[INSTRUCTIONS TO FOLLOW] Locate the line bearing "ALPINA TAJINE EDÉNY" in the material below, then reproduce it and each following line up to and including the line bearing "Vidaxx rideau anti-mouches".

[MATERIALS PROVIDED]
· · · · · · ·
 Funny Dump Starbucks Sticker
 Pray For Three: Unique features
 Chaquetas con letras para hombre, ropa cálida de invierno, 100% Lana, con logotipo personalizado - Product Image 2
· · · · · · ·
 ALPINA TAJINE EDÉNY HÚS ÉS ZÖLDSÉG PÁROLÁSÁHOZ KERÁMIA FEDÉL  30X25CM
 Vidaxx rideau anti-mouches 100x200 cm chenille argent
· · · · · · ·
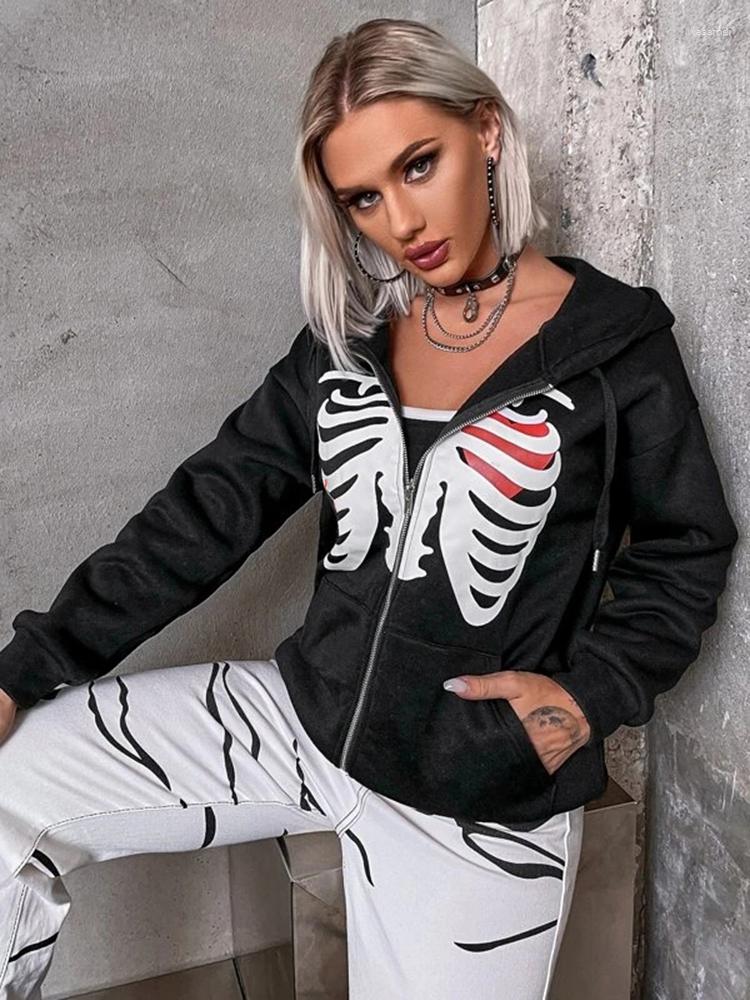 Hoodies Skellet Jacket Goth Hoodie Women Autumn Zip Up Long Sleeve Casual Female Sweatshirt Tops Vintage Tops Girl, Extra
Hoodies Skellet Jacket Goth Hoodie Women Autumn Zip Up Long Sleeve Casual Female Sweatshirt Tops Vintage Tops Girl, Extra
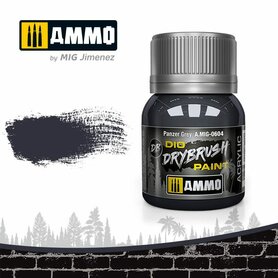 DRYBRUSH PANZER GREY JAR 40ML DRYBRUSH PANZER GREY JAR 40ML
· · · · · · ·
[RESPONSE TO THE EXERCISE]
 ALPINA TAJINE EDÉNY HÚS ÉS ZÖLDSÉG PÁROLÁSÁHOZ KERÁMIA FEDÉL  30X25CM
 Vidaxx rideau anti-mouches 100x200 cm chenille argent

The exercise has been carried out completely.